Researchers at Rice University have developed a unique approach for 3D printing extremely small and complex structures in glass.
It is quite challenging to 3D print objects at nanoscales for obvious reasons, but it has been done with certain materials. However, the geometry of these prints is often rather simple, such as lenses or mechanical parts. However, 3D printing is best used to create parts with complex geometries that cannot be produced with other making processes, and that has been difficult at nanoscale.
The new research seems to be able to do so using a combination of processes.
The researchers first used two-photon polymerization. This is a process in which lasers fire through a transparent resin in such a way that an intersection of energy occurs at the desired point in 3D space. While energy travels through the resin, it is insufficient to trigger polymerization, except at the intersection point, where energy exceeds the necessary threshold.
This process has been used elsewhere to produce polymer objects at extremely small scales.
This is where the differences begin. The researchers mixed the photopolymer resin with nano-sized silicon dioxide spheres, doped to ensure they were soluble in the resin.
As the resin solidifies, some of these spheres are trapped in the solid portion of the print.
When the print is complete, the “green” part is placed in a very high temperature sintering furnace. This causes the polymer to evaporate, and the silicon dioxide particles to fuse together to form a solid, glass-like material.
They found that the process could achieve an extremely fine resolution, even smaller than the size of the wavelength of light. This is due to the fact that the energy peak generated by crossing lasers is quite small.

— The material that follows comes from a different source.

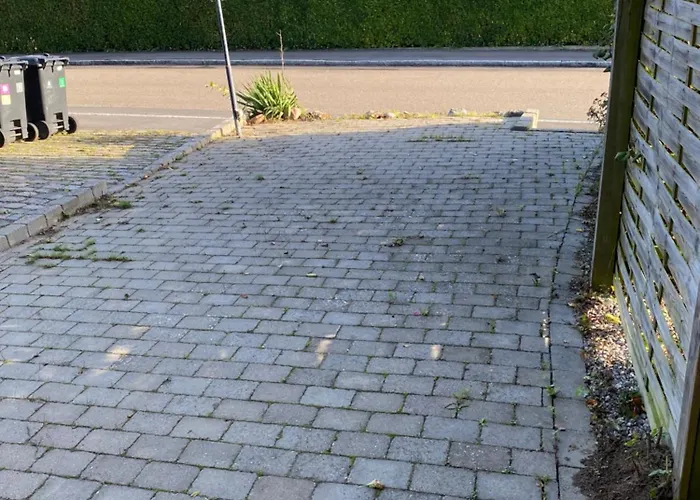 Helt I Og Taet Pa Stranden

Remember that in typical resin-based 3D printers, the maximum resolution would be the size of the laser dot, which is far larger than the wide of the wavelength. This process can certainly achieve extreme resolution.

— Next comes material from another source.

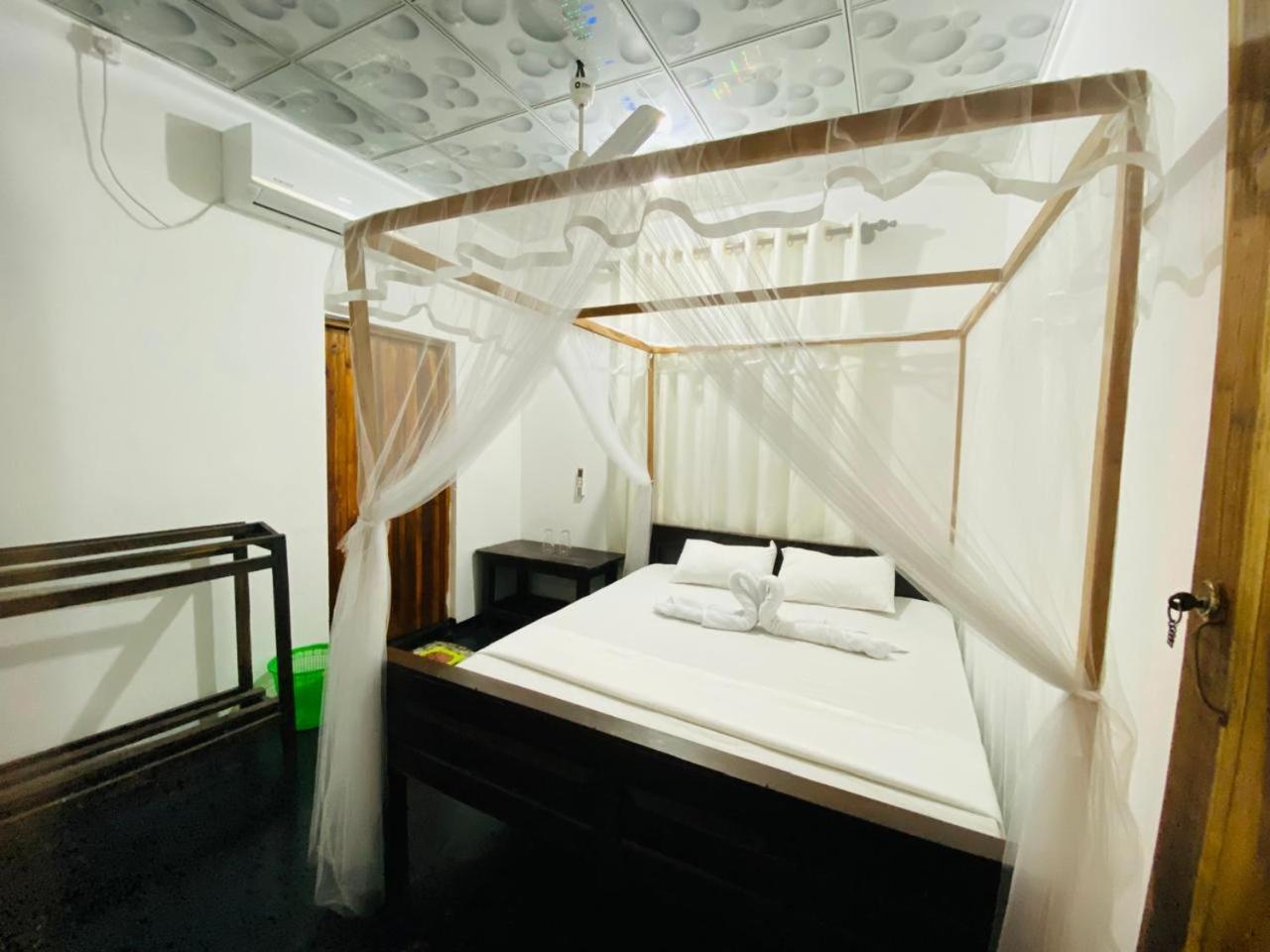 Hotel Kingly Aroma Arugam Bay Zewnętrze zdjęcie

The researchers found that they could mix in other chemicals to provide different properties. For example, they used rare earth salts to make the material photoluminescent.
Apparently they are continuing the research in an attempt to tune the method to achieve resolutions of less than 10 nanometers. To put that in perspective, that’s 0.00001mm, a very small length indeed.
This process is very reminiscent of Glassomer’s approach to 3D printing glass. The company produces an expensive photopolymer resin that can be used in any SLA or MSLA 3D printer. It is a resin that is composed of 60% glass nanoparticles. After printing objects, they can be sintered to produce true glass objects.
It seems that the researchers have used a very similar approach, except using two-photon printing instead of conventional SLA or MSLA.
The new process should enable the production of many different types of tiny optical devices. These could be useful in communications, energy or other applications.